Le bonheur est éphémère, convoité et il faut bien souvent payer le prix fort pour pouvoir le toucher du bout des doigts. Il est donc impératif de savoir jouir de ces instants courts, rares, parfois ridicules, frivoles, sans savoir la véritable valeur qu’ils cachent et sans comprendre l’origine de leur fulgurante apparition comme lorsque Kemal, le personnage principal du Musée de l’Innocence d’Orhan Pamuk, contemple « la lente et gracieuse descente d’un foulard violet, se déployant ou se rétractant au gré du léger vent qui imprimait à sa course des mouvements capricieux de cerf-volant » et comprend peu après que cette scène de vie demeurera son souvenir le plus heureux. 

Il est ensuite nécessaire de lutter contre une mémoire capricieuse pour ancrer ces moments dans son esprit et ainsi le doter de quelques armes contre les malheurs de la vie, ces tristesses quand « un seul être vous manque, et tout est dépeuplé » (Lamartine), ces moments violents, sinueux et voraces, venant balafrer l’esprit oublieux des maigres joies qui l’ont animé, « quand le ciel bas et lourd pèse comme un couvercle ; sur l’esprit gémissant en proie aux longs ennuis ; et que de l’horizon embrassant tout le cercle ; il nous verse un jour noir plus triste que les nuits » (Baudelaire), quand on s’accroche à un compagnon d’infortune « en hurlant son songe de chagrin idiot » (Rimbaud) et que pour seule réponse il nous renvoie à la gueule une sorte de concupiscence dénuée d’amour.

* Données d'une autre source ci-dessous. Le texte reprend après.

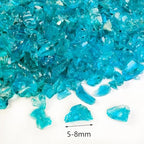 HappyFiller 1.3 LB Teal(Turquoise) Crushed Sand Broken Fire Glass Pieces Crush Terrarium Rocks Stones,Resin Arts Crafts,Vase Fillers,Candle Holder Fish Tank Decor,3-7mm,Never Fade Color
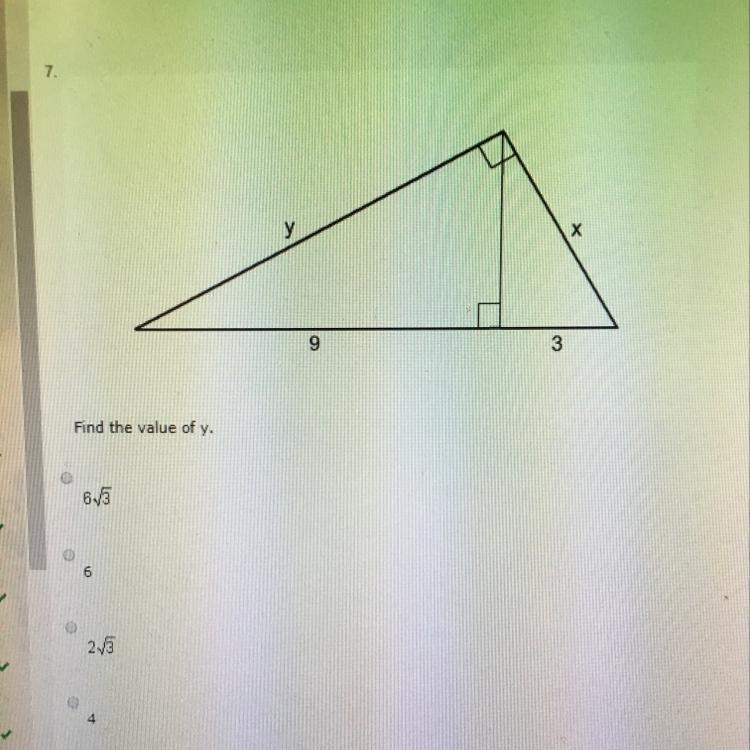 Find the value of y A)6/3 B)6 C)2/3 D)4-example-1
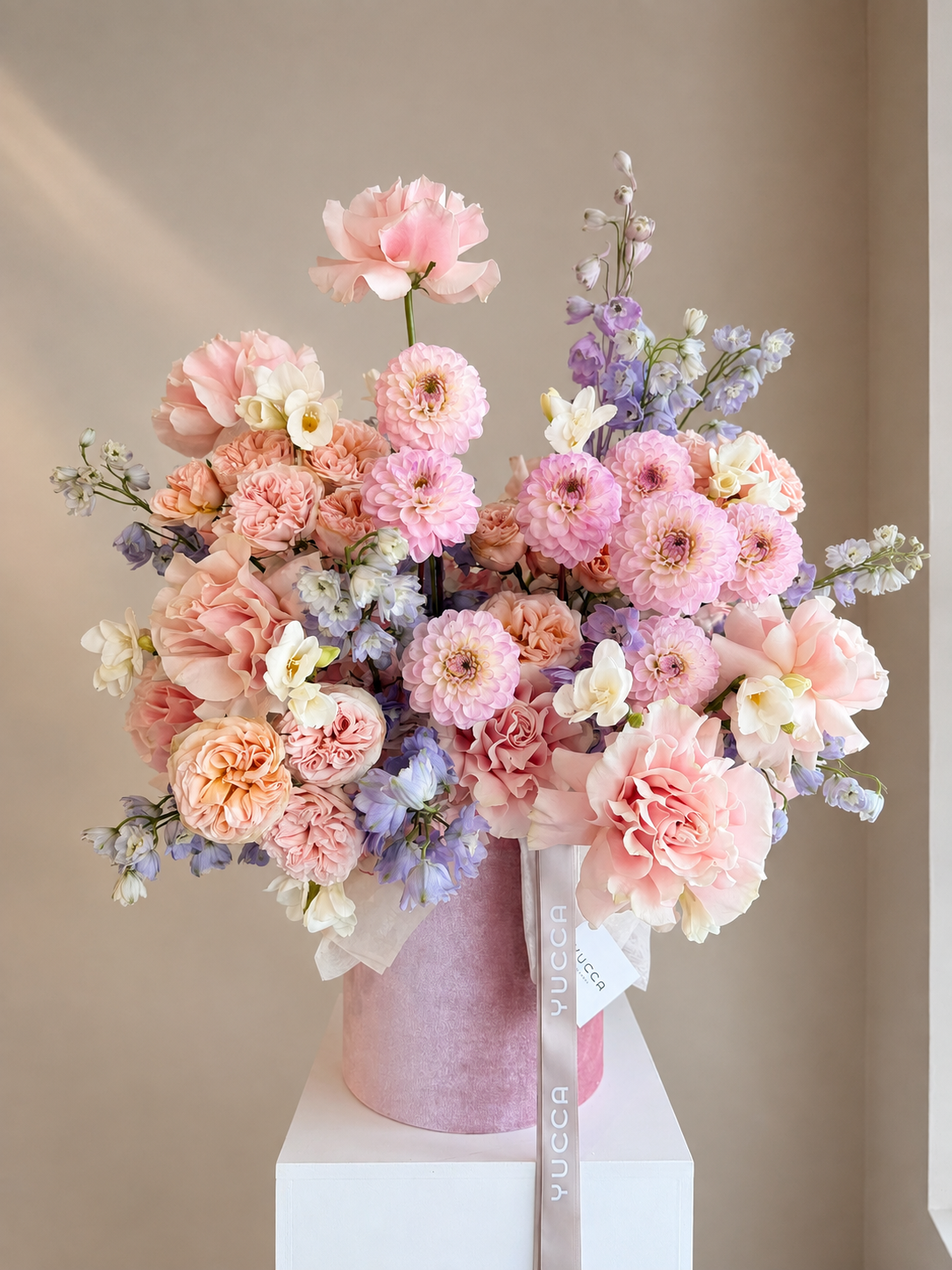 The Devotion - Dahlias, Delphiniums, French Roses
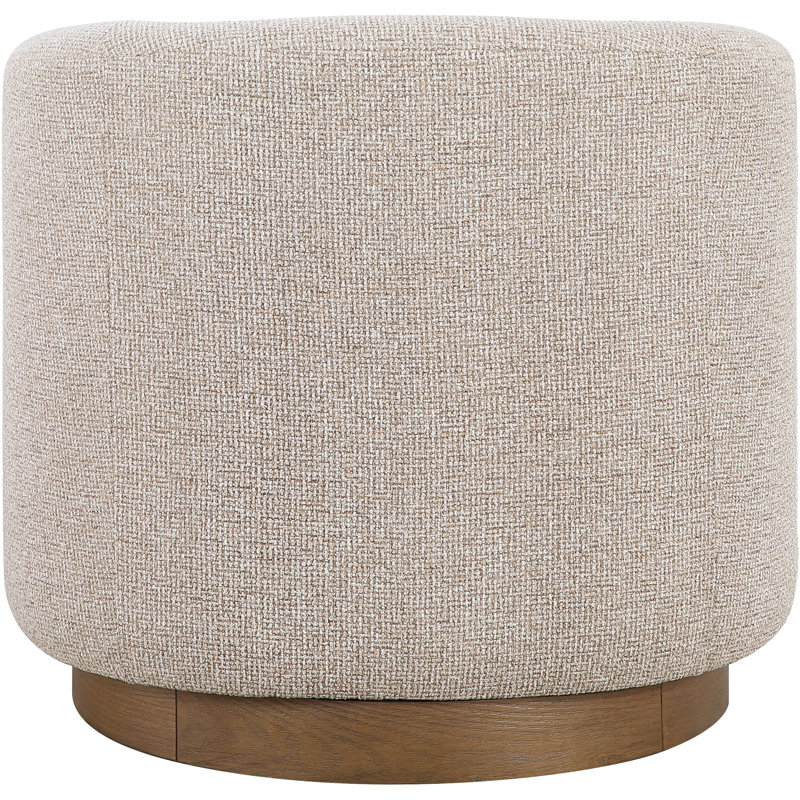 Fauteuil d'appoint pivotant rembourré en tissu performance Modra Beige, Beige Polyester Fabric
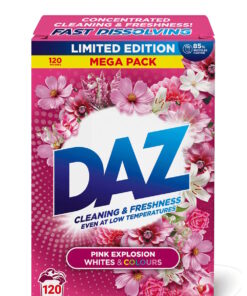 Daz Fast Dissolving Washing Powder Whites & Colours Pink Explosion 120 Washes
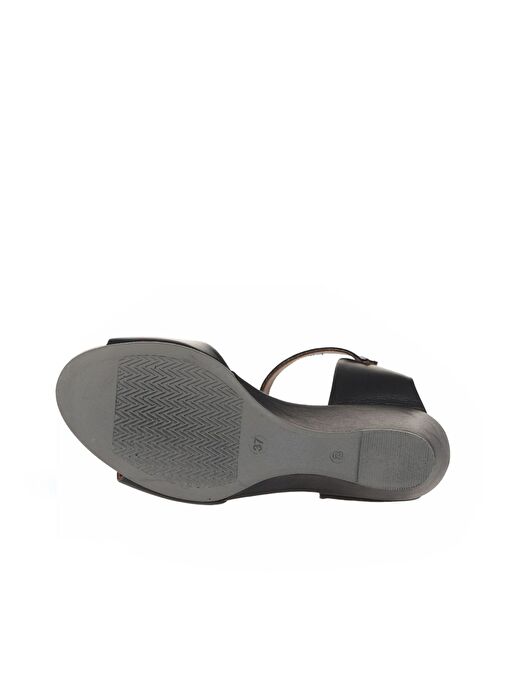 Bueno Shoes Siyah Deri Kadın Dolgu Topuklu Sandalet 01wj1503 - Görsel 6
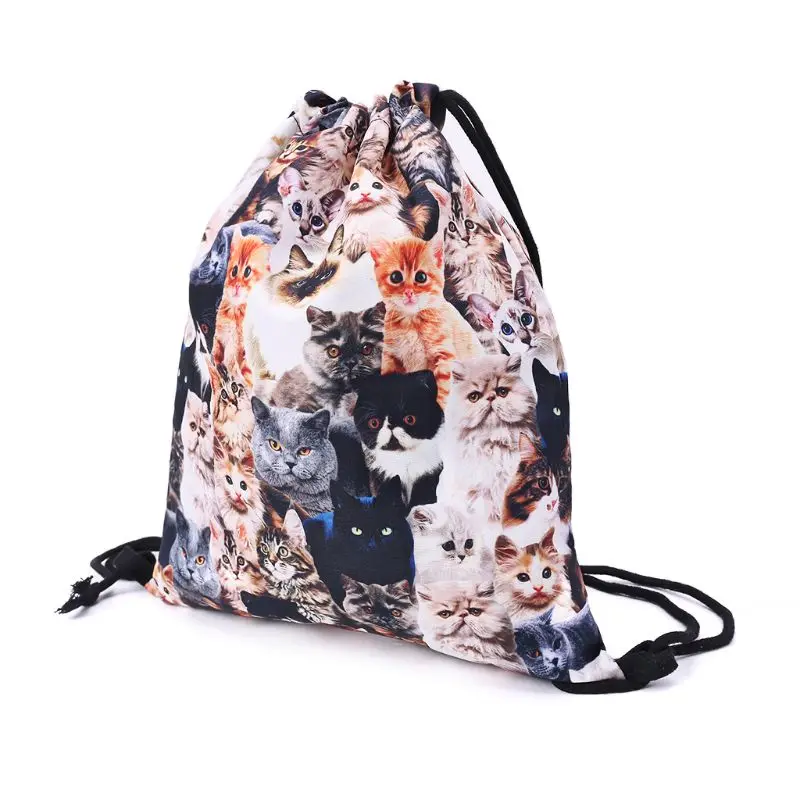 

3D Print Drawstring Backpack Cute Cats Rucksack Shoulder Bags Gym Bag QXNC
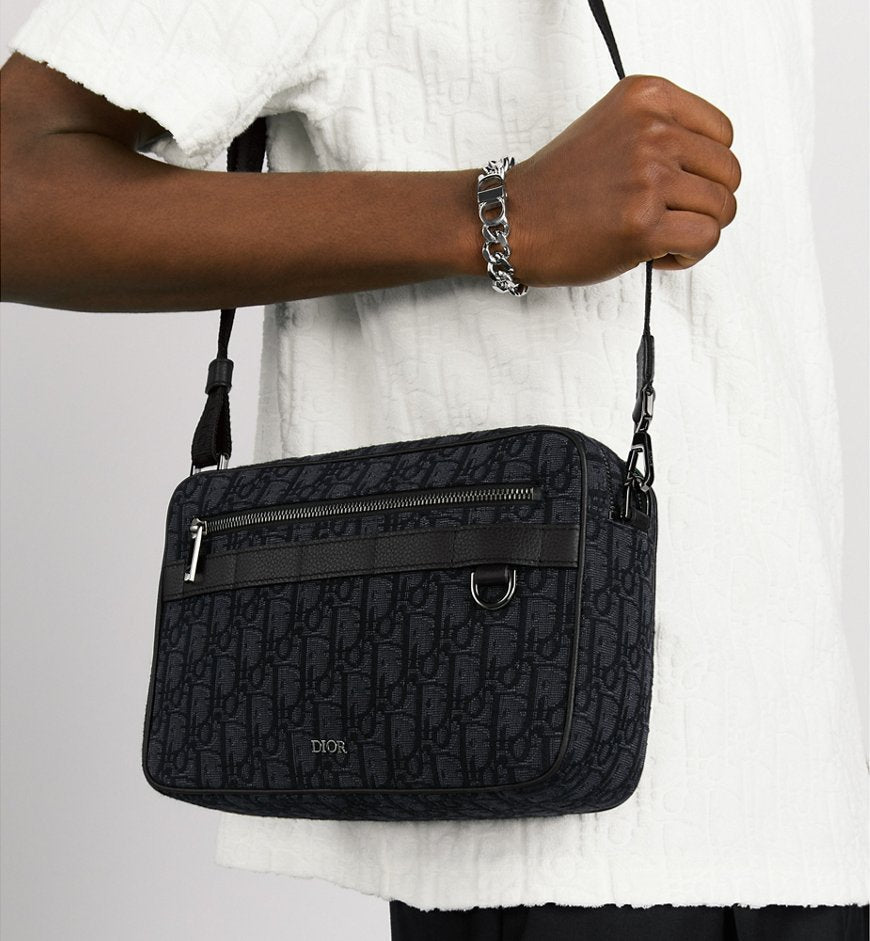 Sac bandoulière Dior en toile Oblique jacquard noire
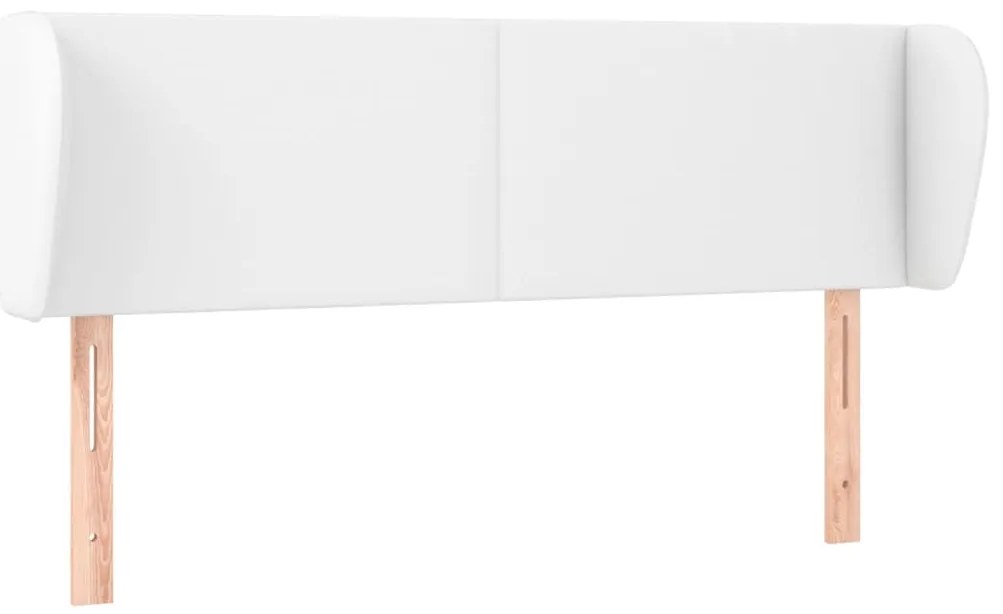 vidaXL Κεφαλάρι με Πτερύγια Λευκό 147 x 23 x 78/88 εκ. Συνθετικό Δέρμα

Orhan Pamuk, dans ce roman de 672 pages, décrit la vie d’un trentenaire fortuné sur le point de se marier à Sibel, issue du même milieu social, quand une rencontre avec une jeune femme modeste, Füsun, bouleverse cet avenir radieux. L'irrationnel s’empare alors de la vie de Kemal et pulvérise une existence faite de calculs et de boniments.

Dans cette Turquie des années 70, Orhan Pamuk décrit avec précision la société bourgeoise stambouliote dont il a lui même fait partie, sur un arrière-fond de guerre civile entre communistes et nationalistes. Il questionne l’installation de la modernité sous l’influence de l’Europe, les évolutions des moeurs en Turquie et surtout l’épineuse question de la virginité au moment du mariage. Dans ce microcosme privilégié de plus en plus libéral, il devient à la mode de succomber aux appétits libidineux avant l’union sacrée du mariage, bien que quelques couples résistent encore en se disant que l’attente grandira d’autant leur bonheur conjugal.

Aujourd’hui, les jeunes occidentaux en proie au binge drinking passent dès les premières heures d’une rencontre aux plaisirs de la chaire sans même se demander si cette union peut faire fleurir les joies de l’amour, et par conséquent réduisent d’autant leurs chances de connaître un tel bonheur, préférant l’illusion du plaisir fugace comme s’ils vivaient des temps de guerre où tout est incertain. Ce roman offre une réflexion sur la patience, la valeur de l’attente et les affres de l’absence.

La croyance de Kemal en son amour pour lequel il a tout sacrifié ne s’embarrasse pas des commérages et des “on dit” de quelques vautours mondains qui pensent trouver leur bonheur dans la dénonciation de ceux qui l’ont véritablement trouvé. Contre vents et marée, le personnage principal sombre, s’isole, se renferme sous le poids d’un amour impossible, devenant un héros grandit par son malheur, un peu comme lorsque Limonov (dans le roman biographique d’Emmanuel Carrère) se taille les veines pour empêcher la tromperie de sa maîtresse. 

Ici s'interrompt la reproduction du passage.